Very very she
Margaret Anne Doody
- The Works of Aphra Behn. Vol. I: Poetry edited by Janet Todd
Pickering & Chatto, 481 pp, £55.00, September 1992, ISBN 1 85196 012 0 - Oroonoko, The Rover and Other Works by Aphra Behn, edited by Janet Todd
Penguin, 385 pp, £6.99, November 1992, ISBN 0 14 043338 4
‘All women together ought to let flowers fall upon the tomb of Aphra Behn, for it was she who earned them the right to speak their minds,’ Virginia Woolf asserted. Aphra Behn (c. 1640-89) was the first Englishwoman to make her living ‘by her pen’, as we used to say. Now nobody makes her – or his – living by the phallic and virile pen.

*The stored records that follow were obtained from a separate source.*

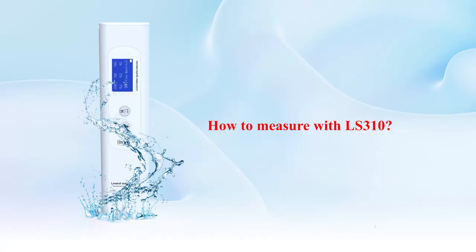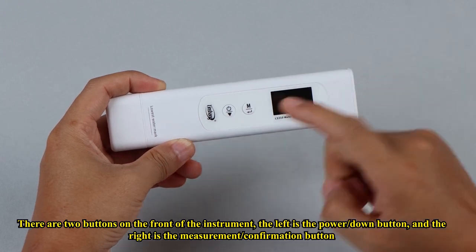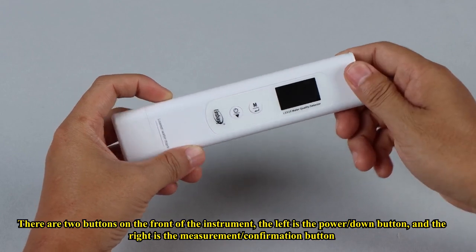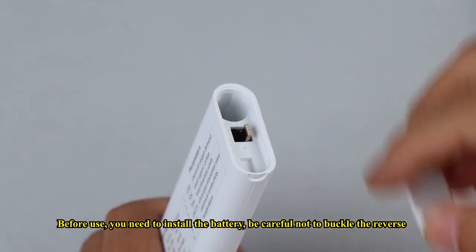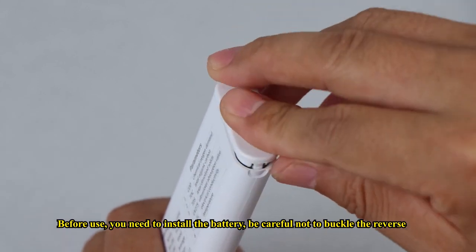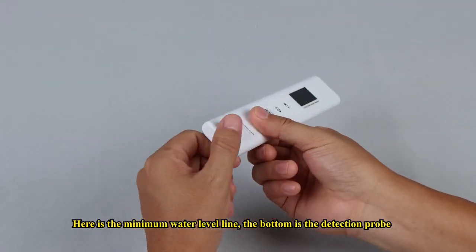How to measure with LS310? There are two buttons on the front of the instrument: the left is the power or down button, and the right is the measurement or confirm button. Before use, you need to install the battery — be careful not to insert it in reverse. The minimum water level line is marked on the device, and the bottom is the detection probe.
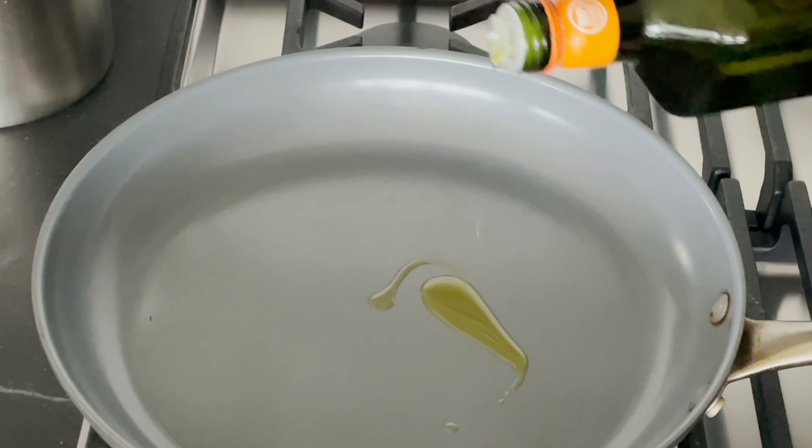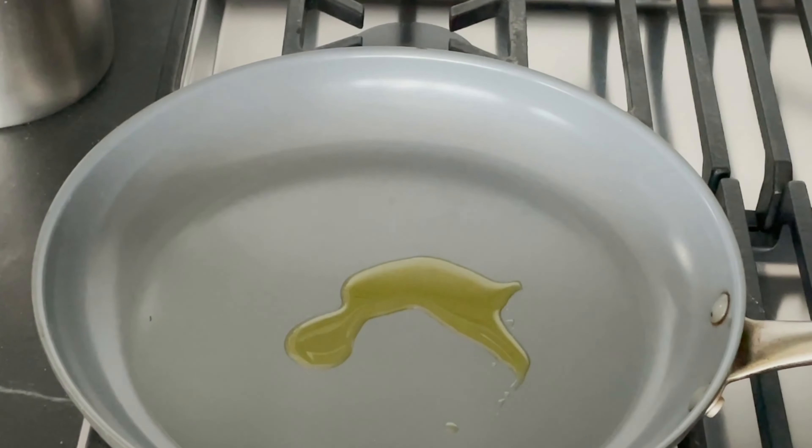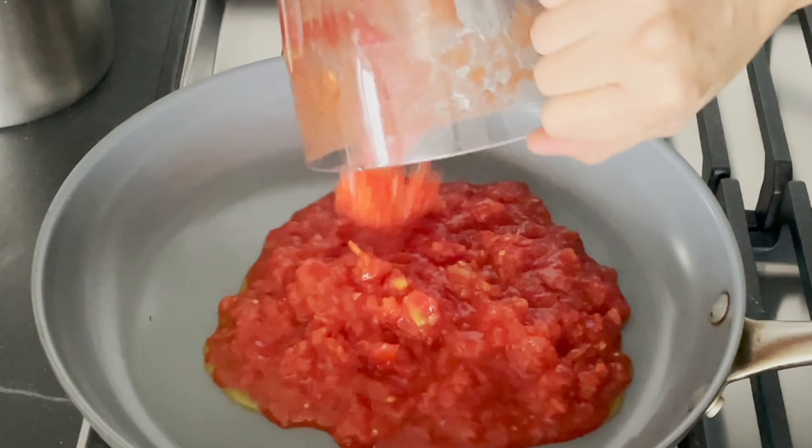Hi, I'm Silu, and today we're making a gluten-free and grain-free pizza that is higher in fiber, lower in carbs, and most importantly, tastes delicious.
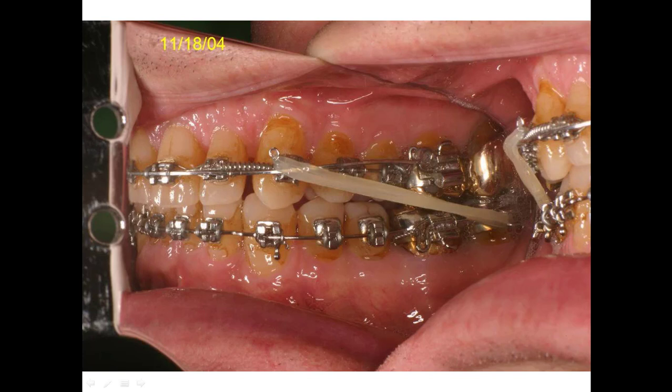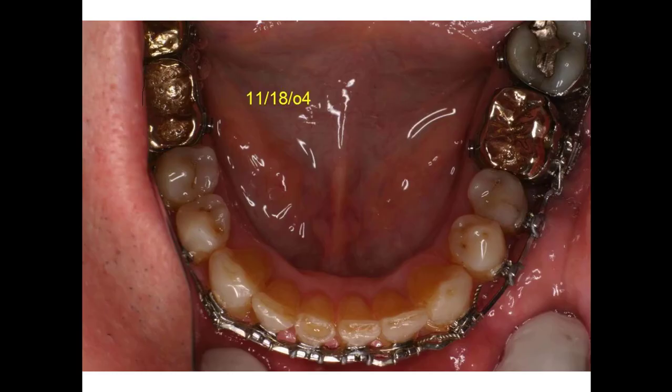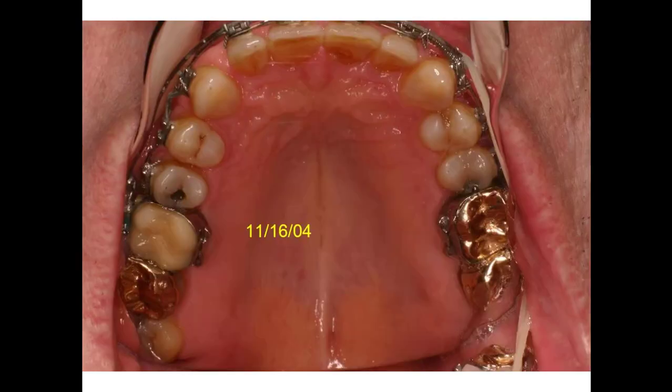The other intruding wire is still on there - you can just barely see it, piggybacked right over the top of the other one. On the other side we didn't need the class two elastic but the intruding wire is still in there. The bottom is pretty well closed up and the top looks better. These two teeth need composite buildup on the sides because the points are in the right place but they need to be a little bigger - especially this one right here. These laterals are too small to fill the gap properly.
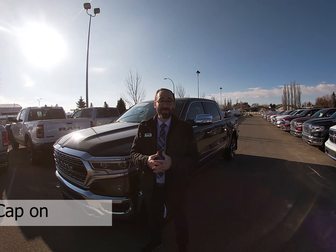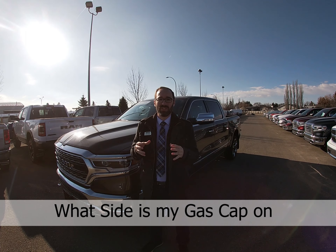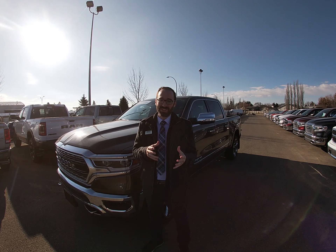Hello, my name is Mike Barnes and I'm with Bridge City Chrysler. Today we're going to learn how to determine what side of your vehicle your gas cap is on.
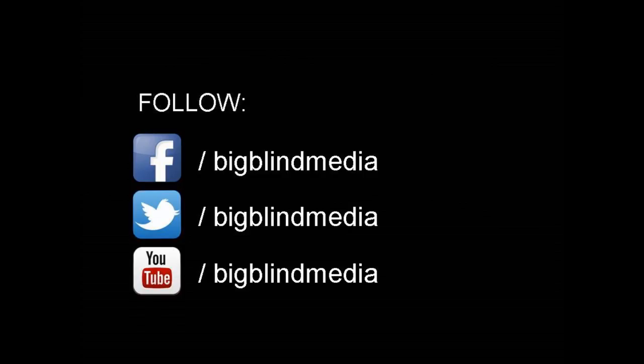That's my review of Move Zero Volume Three from John Bannon and Big Blind Media. I want to thank Owen Packard, Liam Montier, Cameron Francis, and everyone at Big Blind Media for allowing me to have this so I could do the review for you. If you'd like to purchase this for yourself, you can find it wherever Big Blind Media is sold. Thanks. Bye.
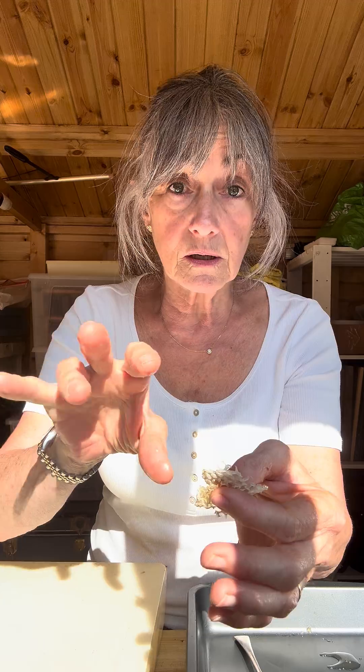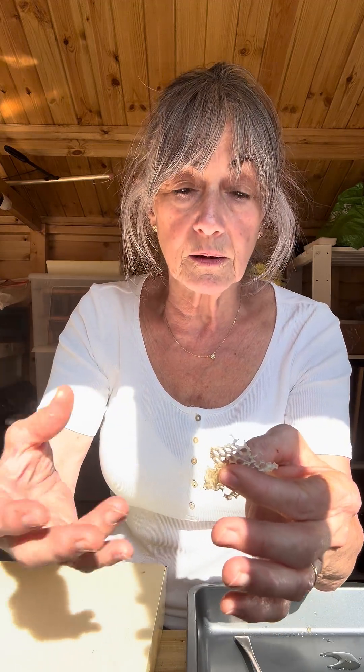A little honeybee, underneath her abdomen, she has eight little wax glands. When she gets to a certain age of being a house bee — before she's a flying bee — one of the jobs she has to do is to produce wax. These glands become active, and it takes her 12 hours to produce eight tiny flakes of wax, probably no bigger than the side of one of these hexagons here. Just tiny, tiny flakes of wax.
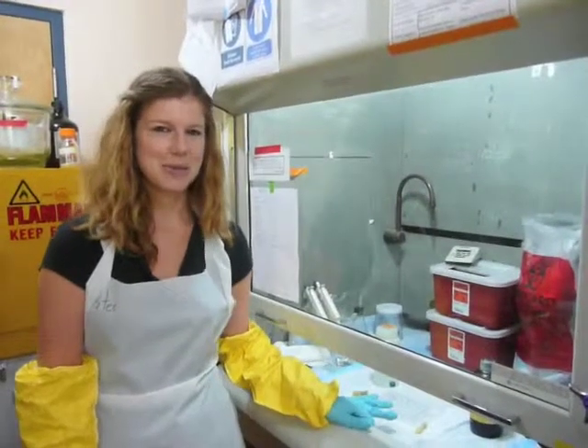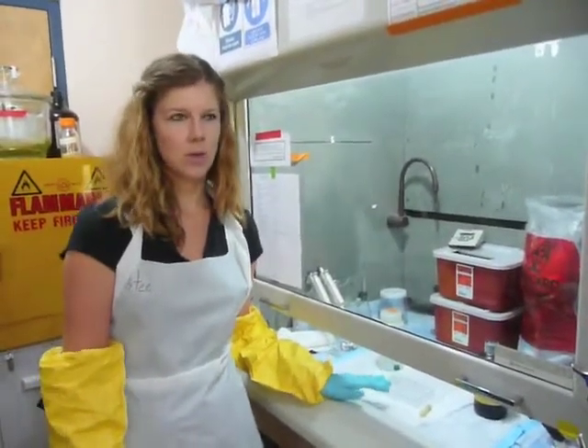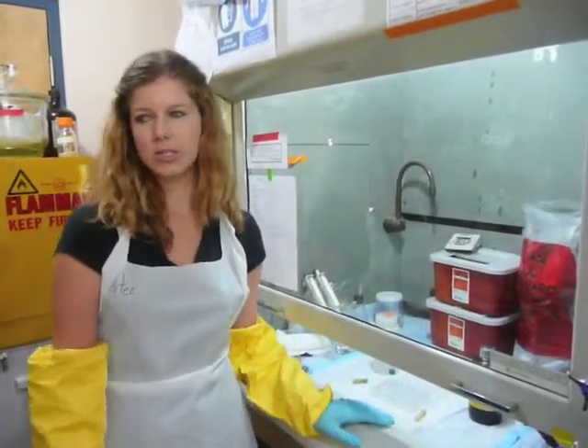After fixing in osmium for about three hours, we do three to four washes with distilled water to get rid of all the osmium, and then we can move on to drying.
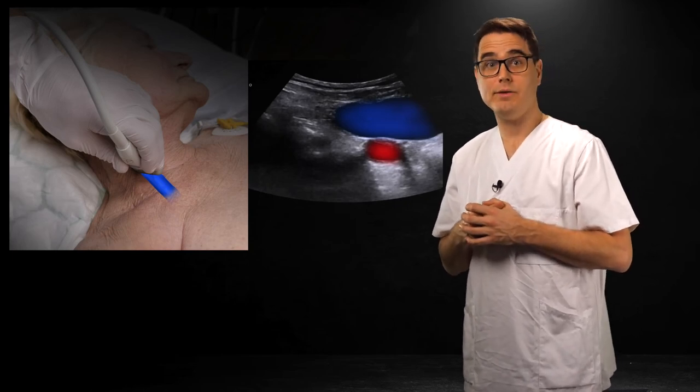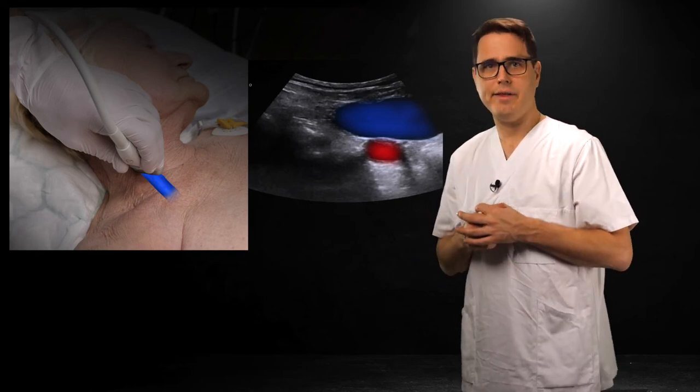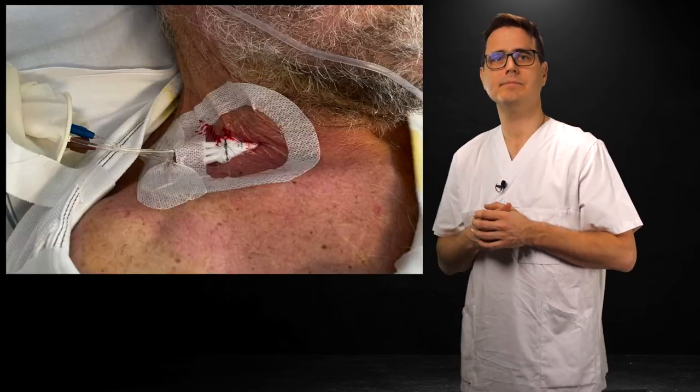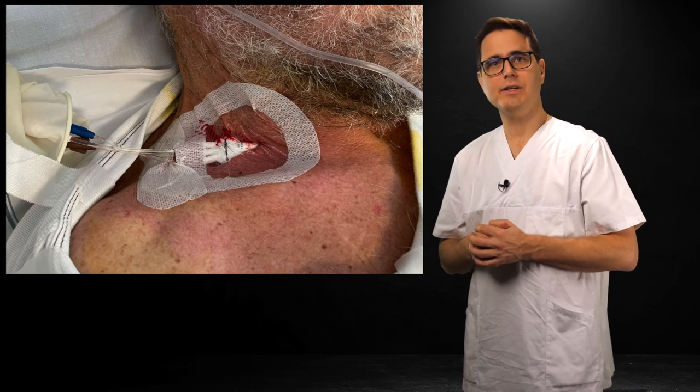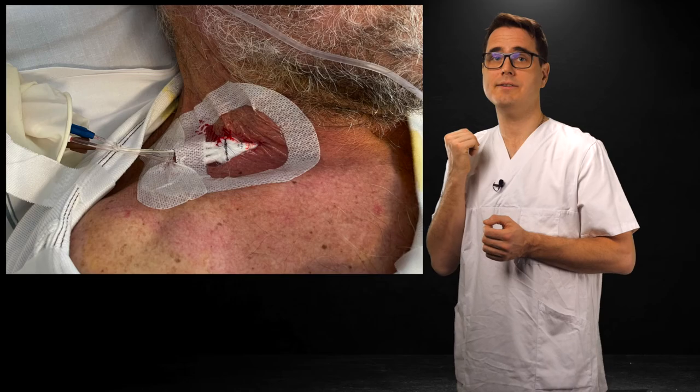It's also very valuable that you can place an IJ line while standing at the patient's side, rather than at the head of the bed. Another advantage is that the line finishes facing away from the patient's face. Remember, in-plane takes practice. There's a learning curve and there will be setbacks. You may have complications. But when you master it, you will be better at placing central lines.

Linguistic and cultural structures no longer combine in exhibiting the exciting transgression, the impudent androgyny, of the man-woman who picks up her pen to write, for the she-writer, like the he-writer, will feed symbols through the word processor, a brooding matrix-box far more uterine than penile. Aphra Behn was a shady lady who muscled into the men’s preserve, and was called a whore for her pains. Woolf’s A Room of One’s Own fails to make quite clear how truly successful Behn was in her time. She may not have been Judith Shakespeare, but she got play after play on the stage, her poems appeared in diverse publications, and there was a strong demand for her prose fiction.